# Dog crate into a bunny cage?



## Guest (Aug 21, 2012)

I am considering making Roger a house rabbit, he is litter trained already and the weather is going to be awful in the coming months round here I have heard. 
He is quite a large bunny, too big for the majorty of rabbit cages so I was wondering if its okay to transform this dog crate
Petplanet Budget Cage Wire Dog Cages for Sale
the large one.

Also, roger keeps chewing the wood in his run and eating it :scared:
Is that dangerous for him? He`s now broke it so he can`t use it anyway so there`s £50 down the drain :mad5: :cursing::incazzato:


----------



## MrRustyRead (Mar 14, 2011)

what are the measurements of this?

i use one as my isolation/recovery housing in my bedroom, but if its a dog sized one it could be used for housing but not 24/7 housing if u get what i mean?


----------



## Guest (Aug 21, 2012)

Hi it says
Approximate size: 94cm x 58cm x 66cm high(37" x 23" x 26").

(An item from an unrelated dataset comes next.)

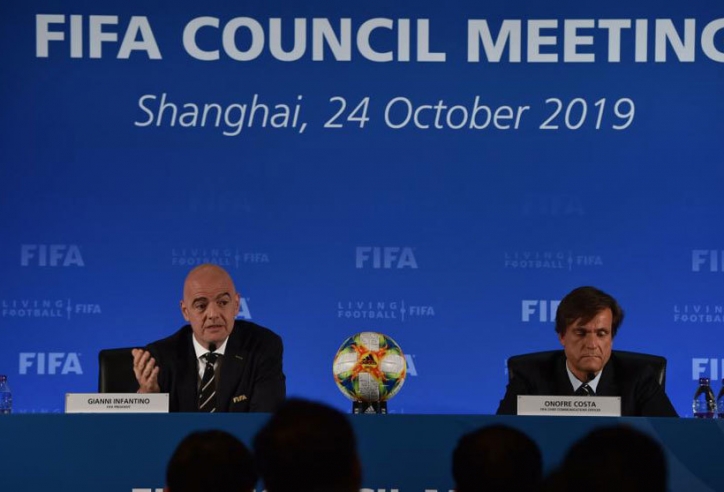 FIFA ra luật mới giúp ngăn chặn Covid-19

Yeah he will be running around in a rabbit proof room most of the time


----------



## MrRustyRead (Mar 14, 2011)

sounds fine to me, but i dont keep mine indoors so you may be better off asking someone that keeps them indoors.


----------



## Guest (Aug 21, 2012)

Thanks for your input.


----------



## Guest (Aug 21, 2012)

I would go for the x large crate tbh, especially if you have a big bun. You will need to attach a puppy pen to it as well to make it big enough.

This was one I had set up before I bonded all my groups 










To give you a clue on size the bun in this is a 3.8kg German lop


----------



## Guest (Aug 21, 2012)

B3rnie said:


> I would go for the x large crate tbh, especially if you have a big bun. You will need to attach a puppy pen to it as well to make it big enough.
> 
> This was one I had set up before I bonded all my groups
> 
> ...


Thanks so much thats about how much my bun weighs 
Rep for you :thumbup:


----------



## suzyjo (Apr 23, 2012)

I've got my two in this cage.. And they get access to the rest of the room 24/7

pink dog cages, Crates (the giant one)

Like others have said Aslong as they are not confined to the cage they should be ok, if they will be confined at some point I'd get the biggest cage you can really..


----------



## Guest (Aug 21, 2012)

suzyjo said:


> I've got my two in this cage.. And they get access to the rest of the room 24/7
> 
> pink dog cages, Crates (the giant one)
> 
> ...


Thanks, looks good. I have that carrot chew for my rabbit too 
Rep for you too :thumbup:


----------



## Summersky (Aug 11, 2012)

A large (4ft) dog crate is a great base for a pair of buns. Some people are clever and convert it so it has an upper level too.


----------